Tamang, 35, used to make a living from a small shop where children from a neighbourhood school used to stop by to buy snacks and sweets. But business is down because the school was closed.
“The shop did well because of the school, but now no one seems to have money to buy anything anymore,” she said, with her grandchild in her lap. Her daughter is out in the city looking for a job.
Much of the assistance is going to earthquake survivors in the mountains, and Kathmandu’s already-poor urban homeless have fallen between the cracks. Some help has come from Actionaid Nepal and Lumanti but it isn’t enough for the 2,000 households in the capital’s 22 shanty settlements.
Although they were not directly affected by the earthquake, Kathmandu’s slum-dwellers who are mainly daily wage earners have been hit hard by the lack of employment.
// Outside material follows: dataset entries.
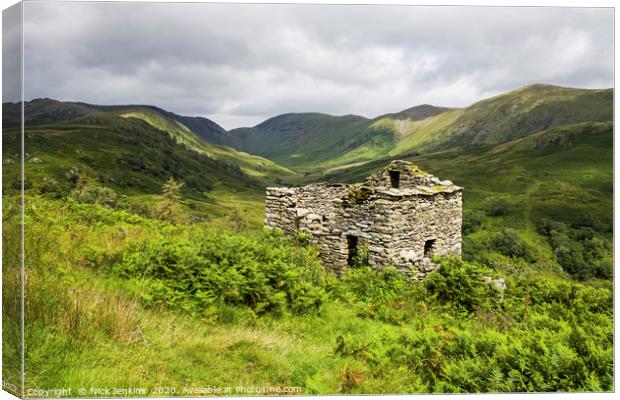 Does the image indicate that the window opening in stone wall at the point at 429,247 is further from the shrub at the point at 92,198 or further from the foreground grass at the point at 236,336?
the shrub at the point at 92,198

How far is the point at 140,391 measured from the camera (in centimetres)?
449

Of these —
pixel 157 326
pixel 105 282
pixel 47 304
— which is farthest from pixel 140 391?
pixel 105 282

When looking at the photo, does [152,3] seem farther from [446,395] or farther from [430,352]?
[446,395]

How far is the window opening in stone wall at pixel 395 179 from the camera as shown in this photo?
13.7m

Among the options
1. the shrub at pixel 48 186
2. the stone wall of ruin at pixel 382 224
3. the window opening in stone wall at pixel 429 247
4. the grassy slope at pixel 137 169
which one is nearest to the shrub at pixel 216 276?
the shrub at pixel 48 186

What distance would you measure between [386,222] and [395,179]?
3.50m

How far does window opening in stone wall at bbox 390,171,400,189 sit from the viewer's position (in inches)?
539

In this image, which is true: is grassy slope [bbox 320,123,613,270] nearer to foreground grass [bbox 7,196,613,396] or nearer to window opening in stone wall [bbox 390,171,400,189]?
window opening in stone wall [bbox 390,171,400,189]

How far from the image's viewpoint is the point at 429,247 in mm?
11961

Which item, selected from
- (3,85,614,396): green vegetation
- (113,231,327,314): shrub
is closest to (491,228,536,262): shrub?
(3,85,614,396): green vegetation

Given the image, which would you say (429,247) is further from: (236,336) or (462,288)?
(236,336)

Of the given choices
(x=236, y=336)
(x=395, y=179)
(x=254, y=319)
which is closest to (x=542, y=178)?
(x=395, y=179)

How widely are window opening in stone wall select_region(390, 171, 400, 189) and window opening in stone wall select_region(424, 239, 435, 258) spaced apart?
2447 mm

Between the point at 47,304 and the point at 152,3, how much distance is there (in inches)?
169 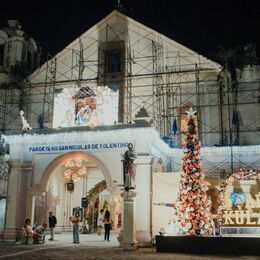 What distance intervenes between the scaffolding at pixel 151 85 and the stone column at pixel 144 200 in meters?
6.05

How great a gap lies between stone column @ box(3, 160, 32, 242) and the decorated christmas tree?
28.0ft

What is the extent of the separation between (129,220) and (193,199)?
3031 mm

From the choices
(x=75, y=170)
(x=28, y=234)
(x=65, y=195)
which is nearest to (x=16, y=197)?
(x=28, y=234)

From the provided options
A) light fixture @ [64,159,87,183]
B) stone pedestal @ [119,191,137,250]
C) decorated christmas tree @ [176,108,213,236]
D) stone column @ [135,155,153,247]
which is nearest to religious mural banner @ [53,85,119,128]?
light fixture @ [64,159,87,183]

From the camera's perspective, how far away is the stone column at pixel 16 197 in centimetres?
2084

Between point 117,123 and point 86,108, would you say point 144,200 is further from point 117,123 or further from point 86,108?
point 86,108

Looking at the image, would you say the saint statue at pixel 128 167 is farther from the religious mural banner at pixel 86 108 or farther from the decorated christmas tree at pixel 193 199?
the religious mural banner at pixel 86 108

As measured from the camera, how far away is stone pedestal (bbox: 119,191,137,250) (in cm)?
1767

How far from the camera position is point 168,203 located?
2025 cm

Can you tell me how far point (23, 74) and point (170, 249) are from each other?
18506 millimetres

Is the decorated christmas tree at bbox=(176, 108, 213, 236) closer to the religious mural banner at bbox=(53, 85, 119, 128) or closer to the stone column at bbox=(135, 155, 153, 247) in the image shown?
the stone column at bbox=(135, 155, 153, 247)

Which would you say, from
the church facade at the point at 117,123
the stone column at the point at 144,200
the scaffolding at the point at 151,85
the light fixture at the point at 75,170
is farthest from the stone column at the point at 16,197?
the stone column at the point at 144,200

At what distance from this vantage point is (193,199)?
16.9 m

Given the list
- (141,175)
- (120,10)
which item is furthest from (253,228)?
(120,10) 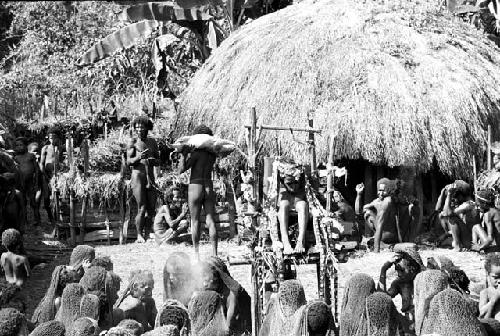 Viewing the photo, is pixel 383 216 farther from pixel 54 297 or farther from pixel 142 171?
pixel 54 297

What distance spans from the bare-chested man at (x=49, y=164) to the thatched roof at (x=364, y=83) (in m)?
2.09

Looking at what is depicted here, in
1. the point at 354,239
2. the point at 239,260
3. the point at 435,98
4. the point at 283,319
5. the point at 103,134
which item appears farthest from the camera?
the point at 103,134

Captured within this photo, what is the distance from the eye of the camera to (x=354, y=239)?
15.0 metres

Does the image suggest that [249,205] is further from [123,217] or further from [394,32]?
[394,32]

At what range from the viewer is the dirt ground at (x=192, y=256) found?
13.4m

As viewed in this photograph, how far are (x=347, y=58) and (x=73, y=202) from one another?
472 centimetres

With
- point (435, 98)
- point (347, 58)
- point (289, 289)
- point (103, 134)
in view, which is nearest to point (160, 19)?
point (103, 134)

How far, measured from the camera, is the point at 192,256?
14.0 m

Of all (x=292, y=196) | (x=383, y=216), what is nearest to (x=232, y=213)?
(x=383, y=216)

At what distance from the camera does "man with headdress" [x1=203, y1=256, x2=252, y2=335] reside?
377 inches

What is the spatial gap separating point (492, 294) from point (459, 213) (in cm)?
562

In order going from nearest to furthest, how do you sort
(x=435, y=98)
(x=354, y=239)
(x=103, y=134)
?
(x=354, y=239) → (x=435, y=98) → (x=103, y=134)

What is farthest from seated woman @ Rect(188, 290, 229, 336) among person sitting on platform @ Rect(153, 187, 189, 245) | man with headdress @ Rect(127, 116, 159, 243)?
man with headdress @ Rect(127, 116, 159, 243)

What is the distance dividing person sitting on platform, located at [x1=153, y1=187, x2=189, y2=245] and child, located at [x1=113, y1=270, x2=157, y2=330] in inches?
208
Most of the women here in Sinamangal, like Tamang’s daughter, were domestic helpers in apartments and homes around the city. Tamang lost her job, and despite going out every day hasn’t found a new one.
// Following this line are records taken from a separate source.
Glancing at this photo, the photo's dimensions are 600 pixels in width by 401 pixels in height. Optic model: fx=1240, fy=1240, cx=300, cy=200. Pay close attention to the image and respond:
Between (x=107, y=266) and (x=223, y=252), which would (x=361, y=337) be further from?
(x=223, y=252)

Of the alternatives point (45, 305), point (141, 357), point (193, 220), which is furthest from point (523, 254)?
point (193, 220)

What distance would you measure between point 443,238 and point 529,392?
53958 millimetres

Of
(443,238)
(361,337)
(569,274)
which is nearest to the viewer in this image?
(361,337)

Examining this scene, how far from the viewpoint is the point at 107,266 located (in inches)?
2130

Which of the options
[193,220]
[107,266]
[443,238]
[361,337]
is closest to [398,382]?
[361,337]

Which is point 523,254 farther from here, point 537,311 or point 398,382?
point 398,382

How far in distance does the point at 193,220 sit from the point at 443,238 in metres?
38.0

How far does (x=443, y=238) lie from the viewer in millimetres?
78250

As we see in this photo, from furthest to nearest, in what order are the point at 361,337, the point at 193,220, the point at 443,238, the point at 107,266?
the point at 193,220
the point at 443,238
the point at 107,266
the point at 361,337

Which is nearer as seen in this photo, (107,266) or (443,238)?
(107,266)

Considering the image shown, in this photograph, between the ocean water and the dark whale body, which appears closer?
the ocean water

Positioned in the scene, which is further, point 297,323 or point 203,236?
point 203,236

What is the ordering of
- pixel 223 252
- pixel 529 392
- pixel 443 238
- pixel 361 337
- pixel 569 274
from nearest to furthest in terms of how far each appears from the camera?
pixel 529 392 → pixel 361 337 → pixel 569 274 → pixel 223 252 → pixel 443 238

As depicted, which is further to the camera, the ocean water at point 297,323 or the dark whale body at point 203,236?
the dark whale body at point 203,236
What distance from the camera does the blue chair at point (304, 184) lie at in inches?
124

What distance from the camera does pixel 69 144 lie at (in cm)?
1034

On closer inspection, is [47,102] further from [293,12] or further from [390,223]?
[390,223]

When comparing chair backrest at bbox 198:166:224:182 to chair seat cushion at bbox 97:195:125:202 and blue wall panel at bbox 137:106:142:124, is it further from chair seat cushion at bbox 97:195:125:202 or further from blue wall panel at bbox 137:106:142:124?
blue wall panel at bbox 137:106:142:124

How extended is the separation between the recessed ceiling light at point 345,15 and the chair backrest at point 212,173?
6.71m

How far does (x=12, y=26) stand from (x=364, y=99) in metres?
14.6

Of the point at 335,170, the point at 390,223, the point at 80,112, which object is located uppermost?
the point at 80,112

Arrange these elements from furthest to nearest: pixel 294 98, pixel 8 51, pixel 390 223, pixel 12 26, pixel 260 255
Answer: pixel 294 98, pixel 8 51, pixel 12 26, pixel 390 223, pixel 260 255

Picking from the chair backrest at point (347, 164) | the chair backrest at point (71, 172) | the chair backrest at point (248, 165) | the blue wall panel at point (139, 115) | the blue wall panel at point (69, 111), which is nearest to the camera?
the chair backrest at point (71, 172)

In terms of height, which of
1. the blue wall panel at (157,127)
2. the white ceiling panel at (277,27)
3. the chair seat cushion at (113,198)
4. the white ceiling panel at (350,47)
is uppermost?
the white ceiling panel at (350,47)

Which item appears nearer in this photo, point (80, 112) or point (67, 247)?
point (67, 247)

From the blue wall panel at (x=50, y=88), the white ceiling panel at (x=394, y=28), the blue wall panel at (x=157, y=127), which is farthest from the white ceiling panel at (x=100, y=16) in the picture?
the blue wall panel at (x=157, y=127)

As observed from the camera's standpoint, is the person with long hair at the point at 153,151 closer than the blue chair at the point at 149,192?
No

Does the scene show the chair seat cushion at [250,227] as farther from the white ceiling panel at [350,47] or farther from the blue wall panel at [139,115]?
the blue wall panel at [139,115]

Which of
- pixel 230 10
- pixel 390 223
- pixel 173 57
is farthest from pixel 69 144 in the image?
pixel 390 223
“Many of the big houses that we used to work in are either damaged or the residents don’t live there anymore,” said Devika Dhungel, who also worked as a domestic help. But despite that, amidst the squalid surroundings there is a mood of surprising optimism.
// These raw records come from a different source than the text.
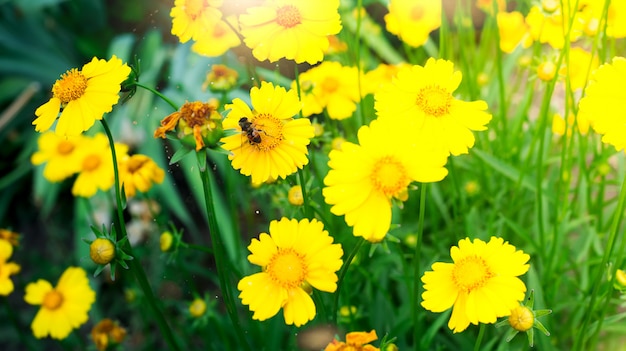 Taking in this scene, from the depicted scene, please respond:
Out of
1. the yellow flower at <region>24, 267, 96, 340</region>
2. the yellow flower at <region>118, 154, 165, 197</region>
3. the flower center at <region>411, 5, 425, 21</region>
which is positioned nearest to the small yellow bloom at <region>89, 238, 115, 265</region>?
the yellow flower at <region>118, 154, 165, 197</region>

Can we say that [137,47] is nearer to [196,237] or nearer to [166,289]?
[196,237]

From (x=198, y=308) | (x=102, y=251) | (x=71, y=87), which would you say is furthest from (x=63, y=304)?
(x=71, y=87)

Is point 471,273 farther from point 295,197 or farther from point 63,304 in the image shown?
point 63,304

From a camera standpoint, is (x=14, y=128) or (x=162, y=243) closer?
(x=162, y=243)

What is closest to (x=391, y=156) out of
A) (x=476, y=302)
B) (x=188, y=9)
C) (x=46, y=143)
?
(x=476, y=302)

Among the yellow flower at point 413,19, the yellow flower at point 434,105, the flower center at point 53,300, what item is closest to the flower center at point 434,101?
the yellow flower at point 434,105

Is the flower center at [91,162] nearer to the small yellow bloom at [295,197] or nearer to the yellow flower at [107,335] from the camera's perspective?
the yellow flower at [107,335]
Many families here hope that once reconstruction starts when the government’s ban on new buildings is lifted in mid-July, there will be a lot more jobs coming up.
DOUBLE TROUBLE: A shanty settlement near Boudha.
An immediate worry for residents here is of flooding as the rivers swell with monsoon rains. Because the families do not own the property they occupy, they are not eligible for municipality services.
“They just ignore us, and the only time they acknowledge our presence is when they give us an eviction threat,” says Dharmavir, who lives in a shanty near Boudha.
Now, the women in Kathmandu’s shantytowns have decided to get organised and help each other. The Nepal Mahila Ekta Samaj women's group started running savings and loans cooperatives so they could help women with microcredit. The women contribute to their savings scheme, and have meetings to give out loans to women who need the cash most urgently.
The society’s Bimala Lama, a slum dweller herself said: “Because we do not own any land and don’t have proper documents, we have to help our community and ourselves with what we have.” Most women who borrow, repay their loans on time.
Like Hira Lama, who lives in a shanty in Kapan. She is lucky that she has found a job for several days in a row and has managed to deposit Rs 500 in her neighbourhood cooperative, which is almost like an insurance premium for a loan that she may need in a future emergency. Her husband is a wood carver, but the family has to cut back on expenses to send money home to her family in Gorkha.
Like the women, the young people living in the shanties have also set up their own organisation to distribute food to those who don’t have enough, and are also organising camps for children and paying their tuition.